Kardinal: Optimizing last mile delivery by unlocking value upstream
Jonathan Bouaziz, CEO and co-founder of the last mile delivery management platform, Kardinal, discusses the importance of working on cargo and delivery area adaptability in a time of major business fluctuations and declining margins for carriers.
How does the economic situation impact the activity of your clients, last mile operators?
The parcel delivery industry is impacted by tremendous fluctuations in parcels quantities. After a sharp increase in the last few years, driven by the boom in e-commerce and the Covid-related lockdowns, delivery volumes are now down at the end of the year because of inflation. On top of this, there is also a shortage of drivers and supplier failings, whose costs have risen sharply in recent months, especially with regard to fuel. Energy and warehouse maintenance costs have also increased. The demand for more environmentally friendly logistics from end customers also has a cost, as does the improved quality of service. This situation leads to a decrease in profitability.
How does Kardinal tackle these problems?
Any organization that is experiencing rapid growth and needs to optimize its costs must be able to make decisions quickly. To improve last mile delivery operations, carriers are trying to work on route scheduling from the moment packages are on the truck. However, we bring value upstream of this task. We help optimize the delivery area, from warehouse location to area sectorization, to know which goods go in which cargo load. We provide a strategic or tactical vision that helps optimize last mile delivery by unlocking value upstream because that’s where there’s the most potential.
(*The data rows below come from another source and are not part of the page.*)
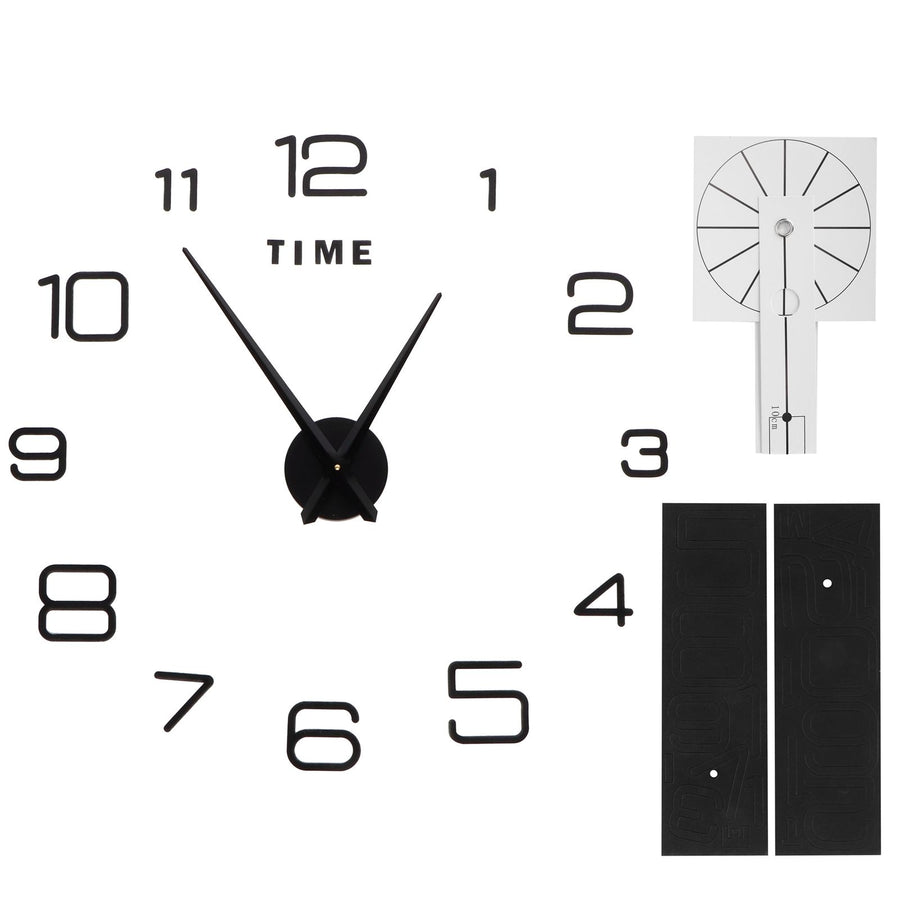DIY Wall Clock Acrylic Frameless Mirror Surface Wall Sticker Clock Decor for Living Room BedroomBlack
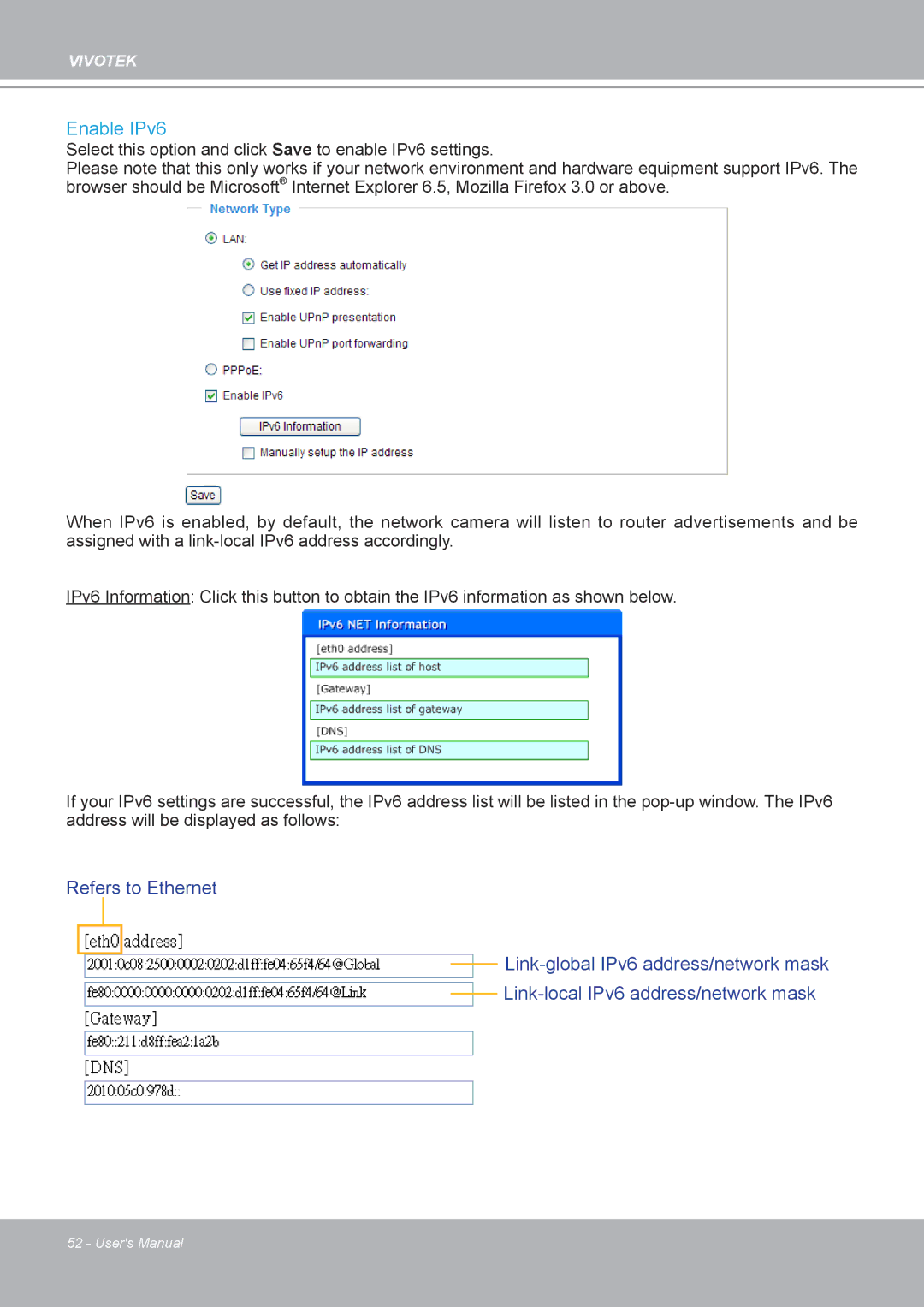 Vivotek MD8562, 8562D manual Enable IPv6 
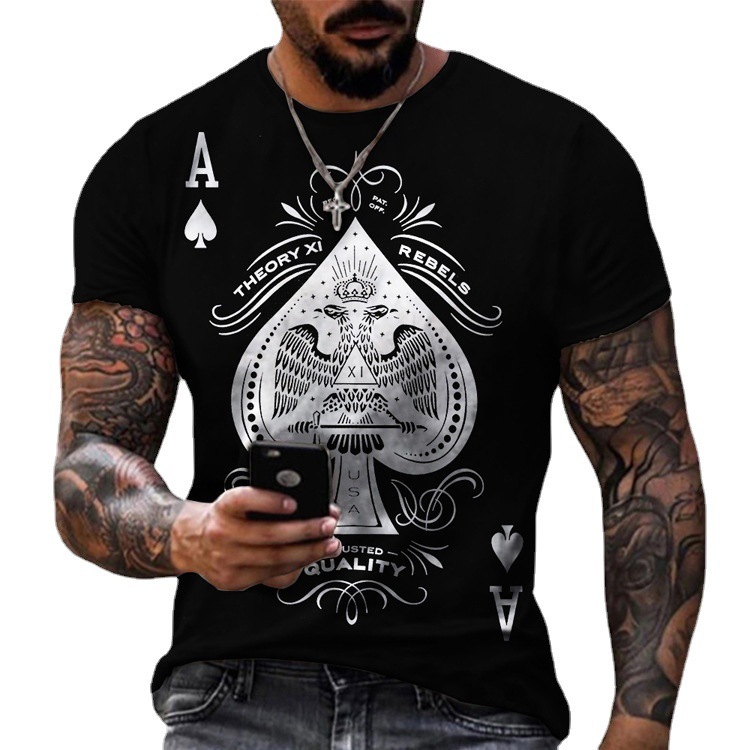 Mens T-shirt with loose and casual personality new poker card print mens top T-shirt in large size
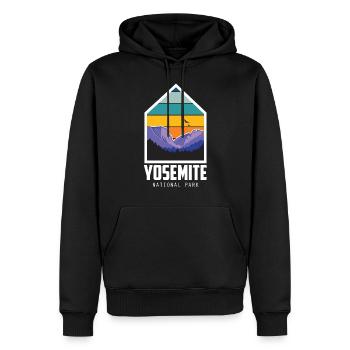 Parc national Heartbeat Yosemite California Souve - Sweat à capuche Premium bio Homme - noir - Devant - Nico (187cm)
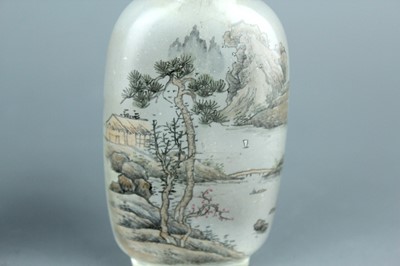 Lot 2018 - A set of three Chinese inside-painted glass...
What type of data do you use?
We send historical data to the software, which analyzes it and divides the territory into small cells based on a given level of activity. We include delivery dates, delivery locations, whether operations are BtoB or BtoC, duration, size, volume, weight, available resources, resource type, different cost models…
As a result, we can generate heat maps that capture the level of activity in each of these areas, the total cost of the route and its resilience to activity changes. The algorithm we developed allows us to identify the links between these different zones and combine them to produce stable and reliable business operations. These cells act as areas from which we build a range of future scenarios based on five use cases: territory optimization, fleet conversion, resource planning, warehouse location, and route optimization.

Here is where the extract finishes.